I always leave conferences with one session in my head that stands out above the rest. I just returned from the Sloan C International Conference on Asynchronous Learning Networks and would cite a session on “Using Intelligent Agents” as that one session. In case you are unfamiliar with the term here is a link to the Wikipedia definition for intelligent agents.
Steve Knode of the University of Maryland University College was the presenter. His overlying premise was that vast quantities of information are easily findable now but the ability to effectively filter and fuse the information for specific users and circumstances makes for shallow knowledge and analysis. As intelligent agents, now in first generation, continue to develop, information will continue to increase in relevance and depth. The agents themselves will better learn and adapt to users and circumstances.
How will this further learning? I was running various scenarios in my head throughout the presentation as to how really effective bot development could change the learning landscape.

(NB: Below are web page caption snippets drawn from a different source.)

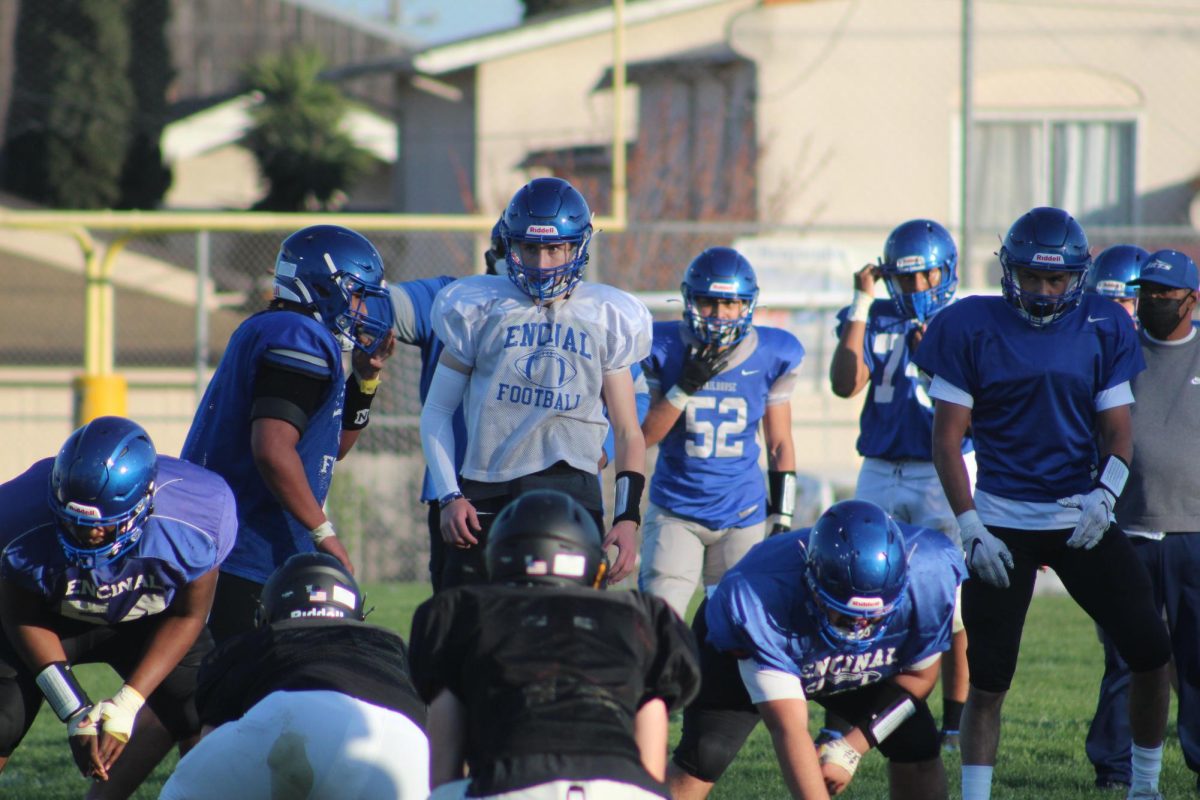 Quarterback Garrett Deatherage surveys the line of scrimmage. The 2020 Island Bowl was cancelled due to the COVID-19 pandemic. It was the first time the game was cancelled in 65 years. However, Encinal and Alameda scrimmaged in March of 2021.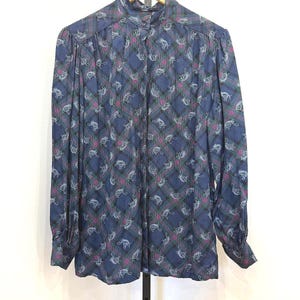 May include: A long-sleeved blue blouse with a high collar and button-down front. The fabric features a plaid pattern with white, pink, and green accents, and a repeating white floral design. The blouse is hanging on a wooden hanger.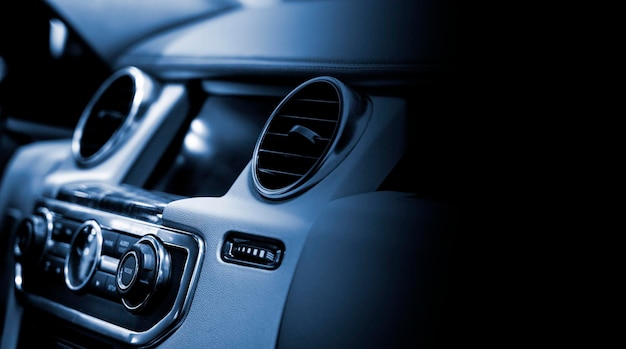 close up of a car ventilation system with black copyspace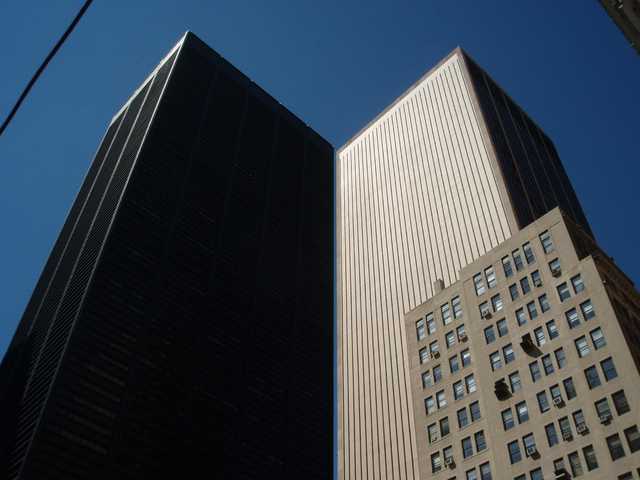 Two tall buildings are visible from below, with one building on the left having a dark facade and the other on the right featuring a light-colored facade.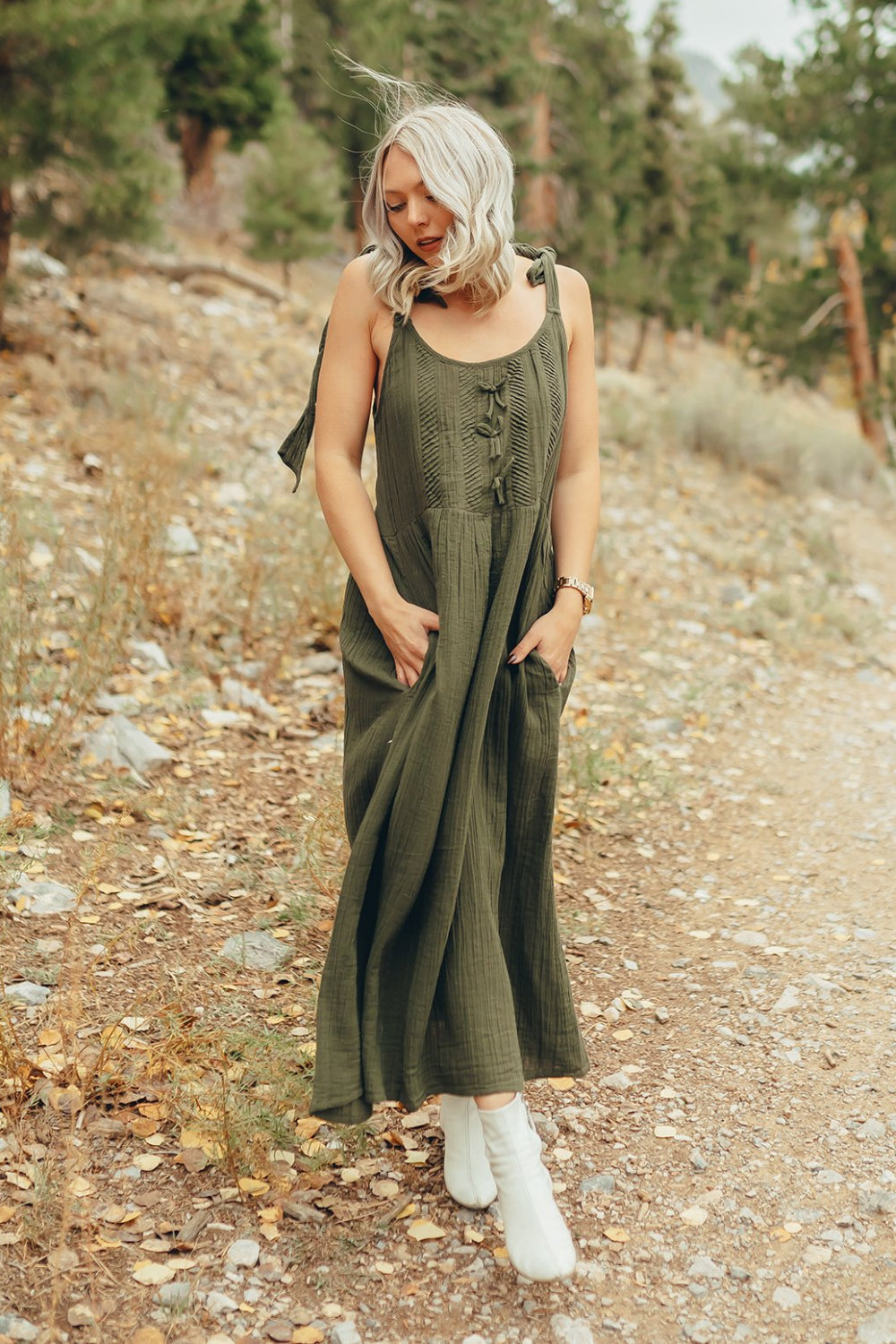 The Saguaro Dress in olive green with spaghetti straps, featuring a maxi length and pockets, perfect for beach outings.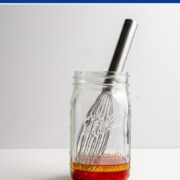 mason jar with a whisk with the ingredients to make a strawberry vinaigrette.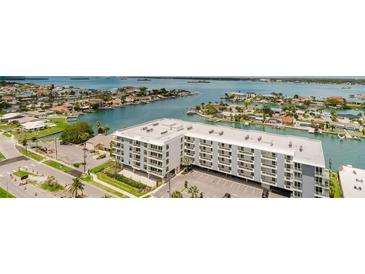 Stunning aerial view of waterfront condo building with beautiful ocean views at 400 Island Way # 1709, Clearwater Beach, FL 33767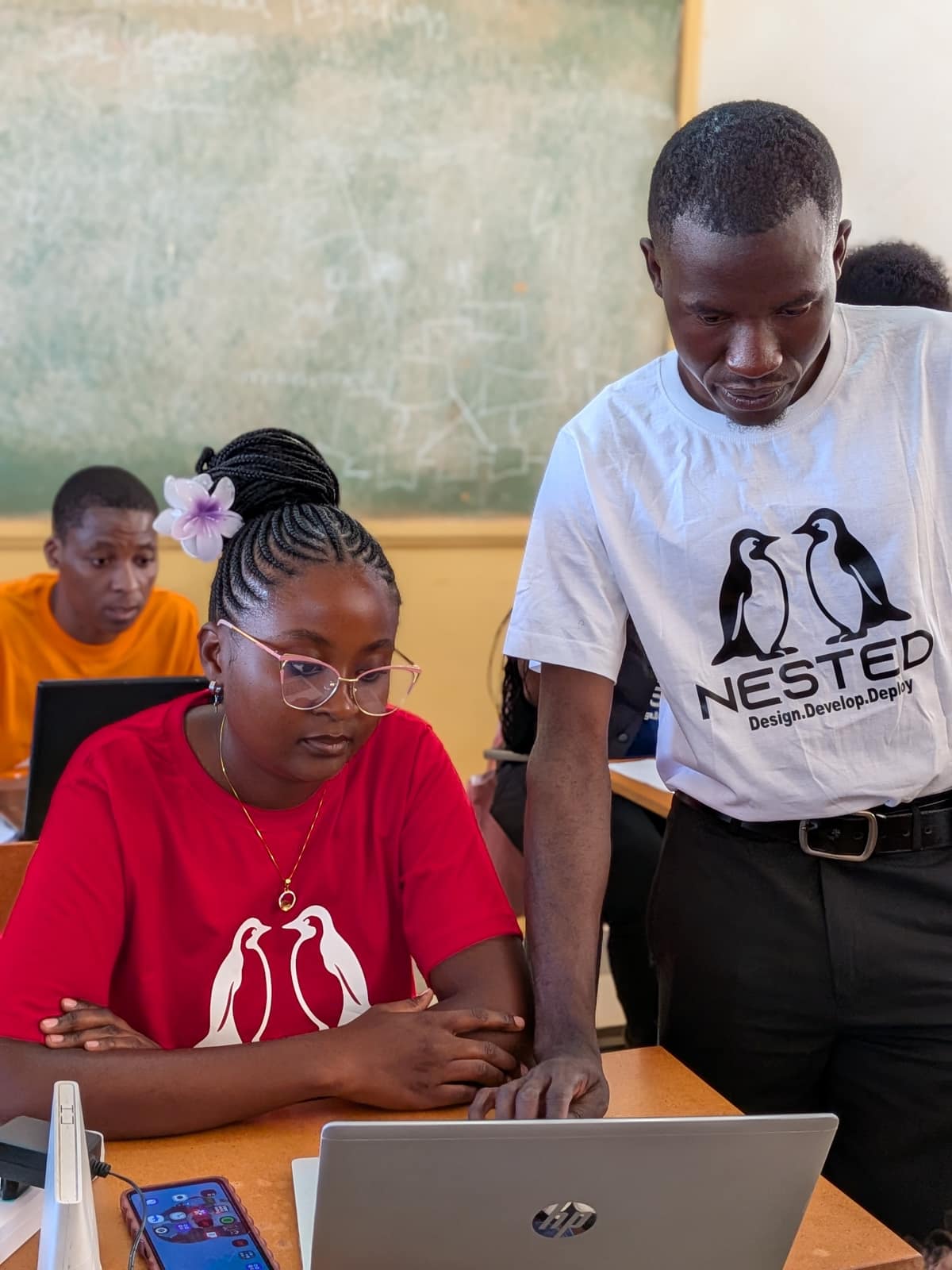 A Nested class in session, a mentor guiding a student on a laptop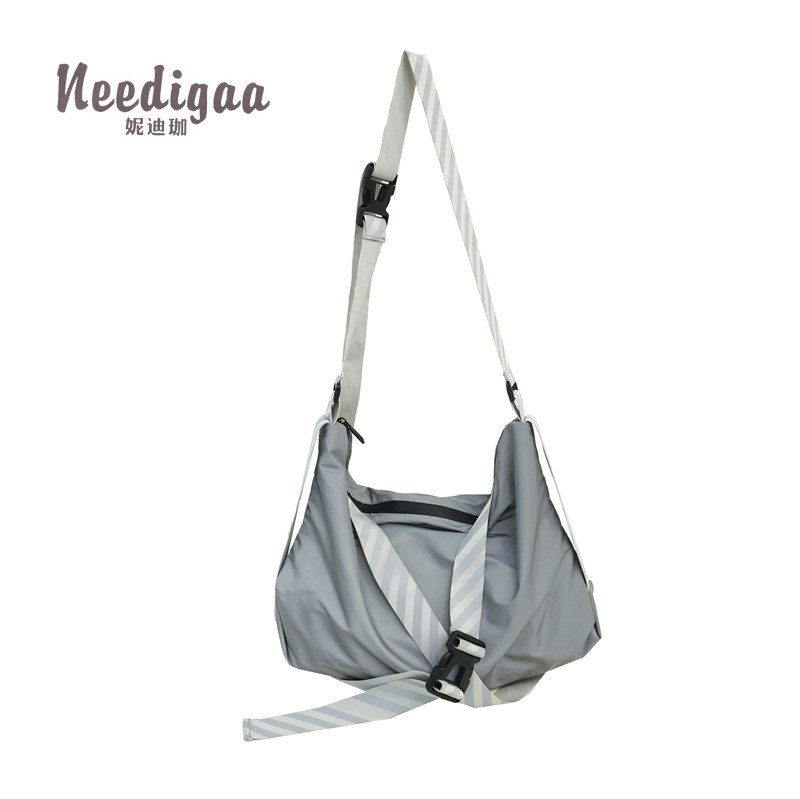 大容量文艺风女尼龙布运动男单肩包 妮迪珈女士包袋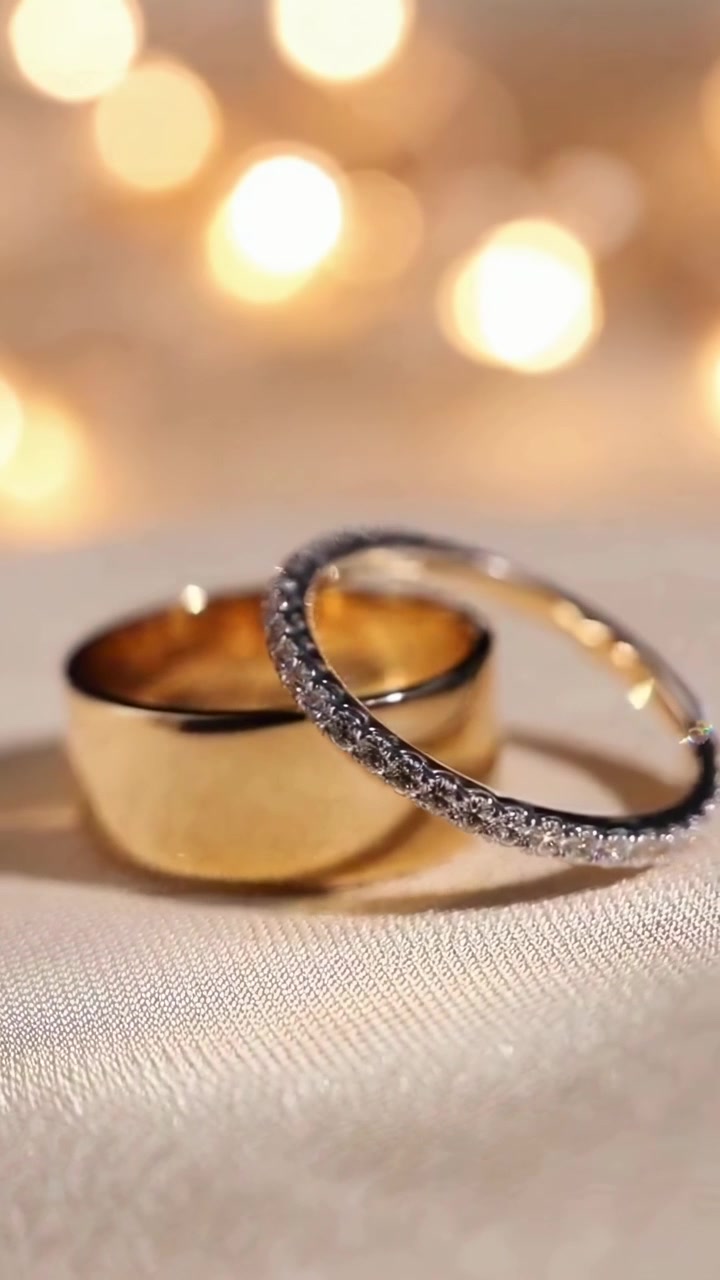Primo piano di eleganti fedi nuziali d'oro su tessuto di raso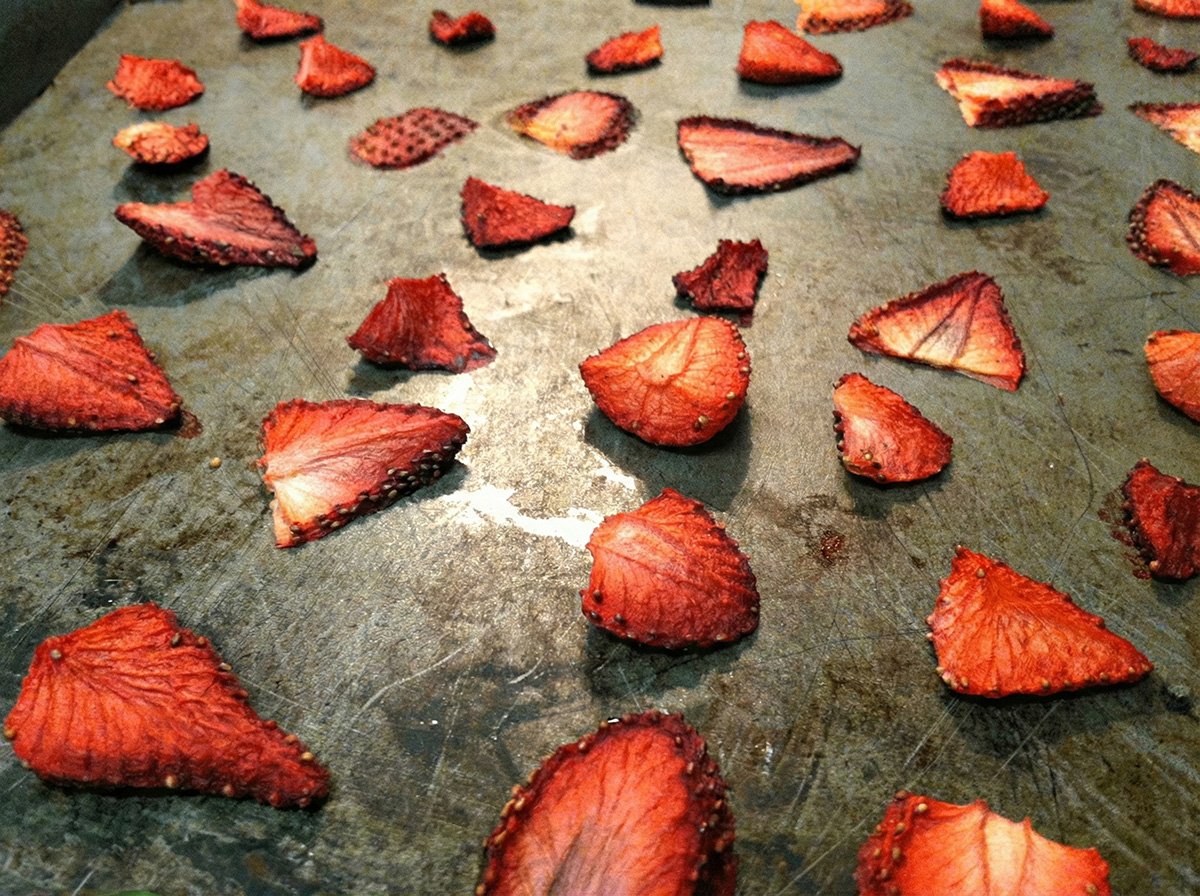 Sliced strawberries on a sheet pan after 3 hours of drying in the oven.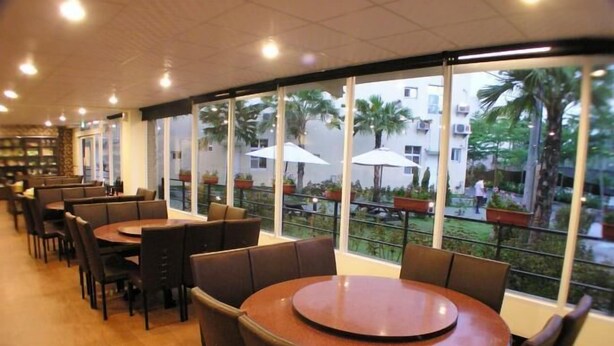 Un restaurant avec des tables et des chaises rondes, de grandes fenêtres offrant une vue sur les palmiers et les bâtiments.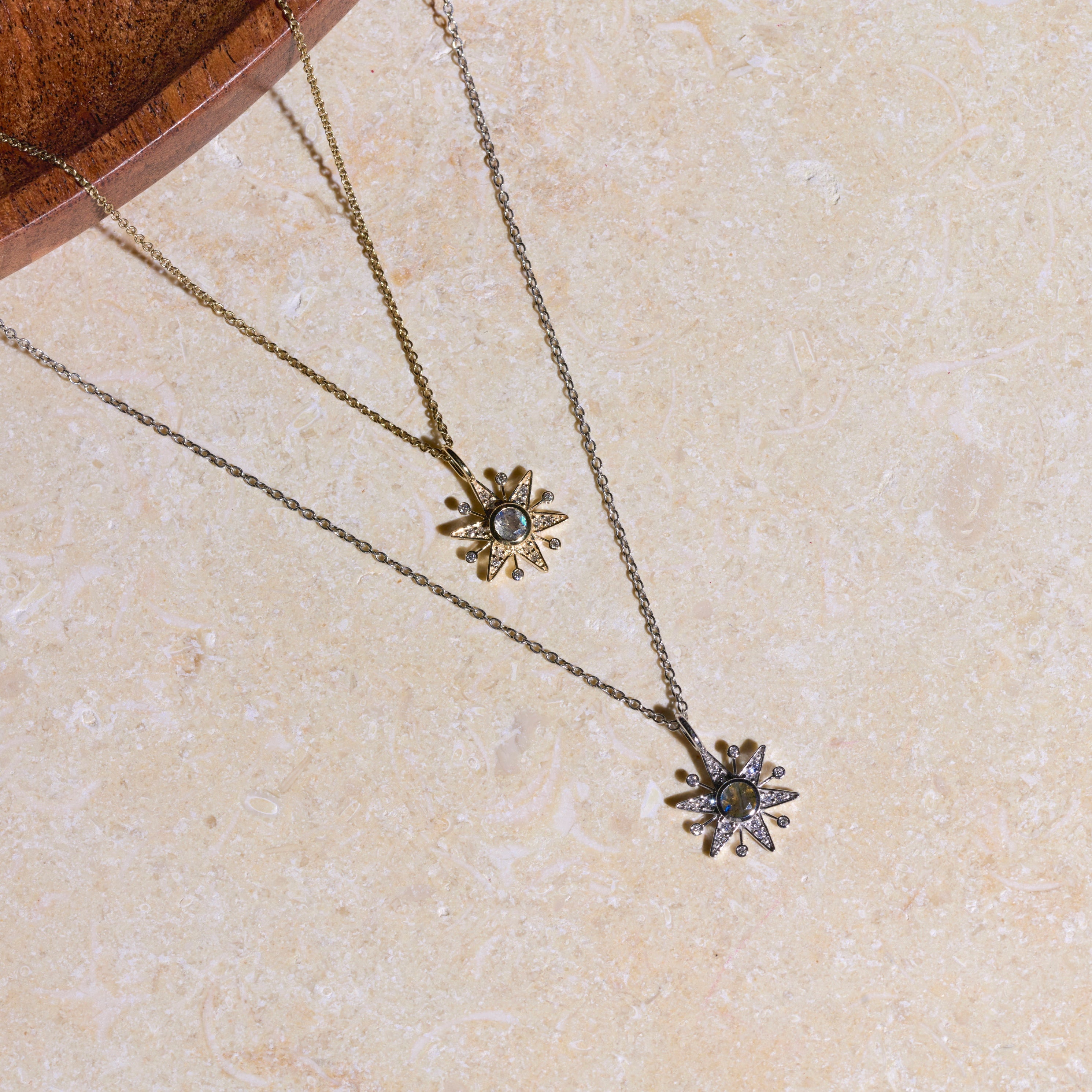 Two necklaces with floral pendants on a beige surface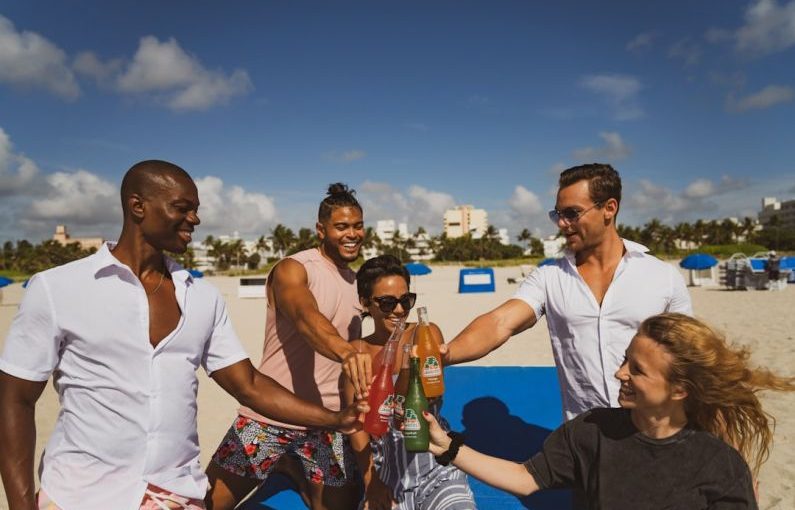 Brand Activation - group of people standing on beach during daytime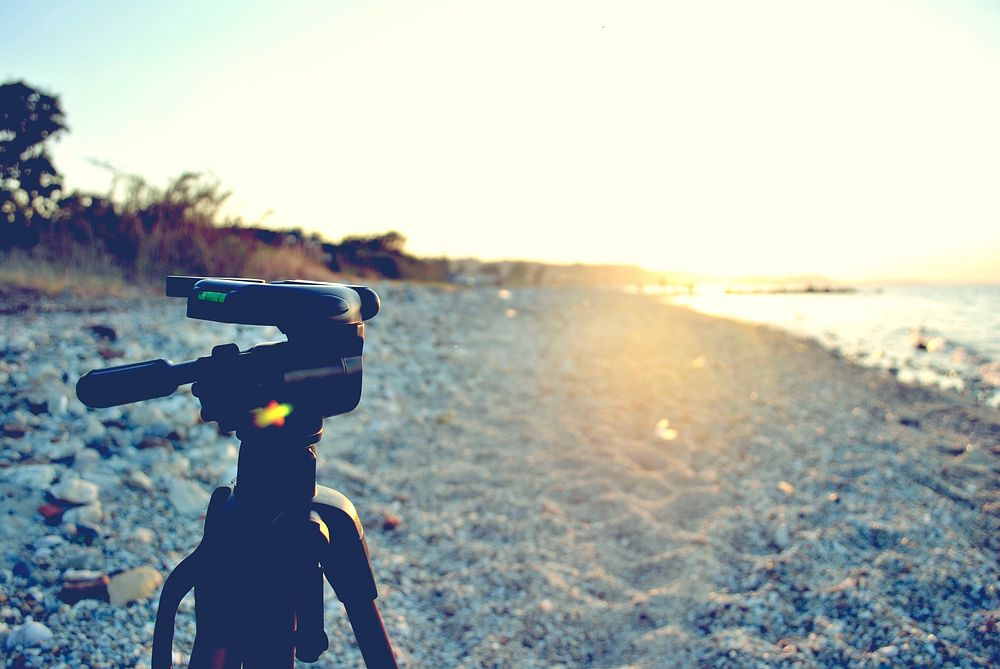 Camera tripod on a rock pebble beach at sunset in Halkidiki. Original public domain image from Wikimedia Commons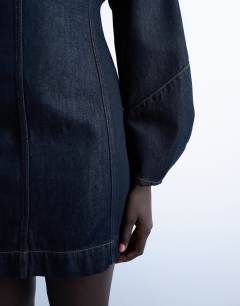 Model wearing Denim mini dress with ovoid sleeve in indigo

The one futuristic scenario I keep seeing is that scores of highly intelligent and adaptive agents could be developed, each for specific content areas. Likewise, these bots could be mixed and match for hybrid topics or creating new topics. As long as there was a standard for interoperability, it would be easy for learning architects to add bots to specific challenges in learning modules, simulations or games as learning support. When a learner needed just-in-time information, it would be instantly available locally in the sim or module and completely “fused and filtered” per the users questions and circumstances. Best yet, the bot would itself be learning from the learners themselves and readjusting how it delivered its results.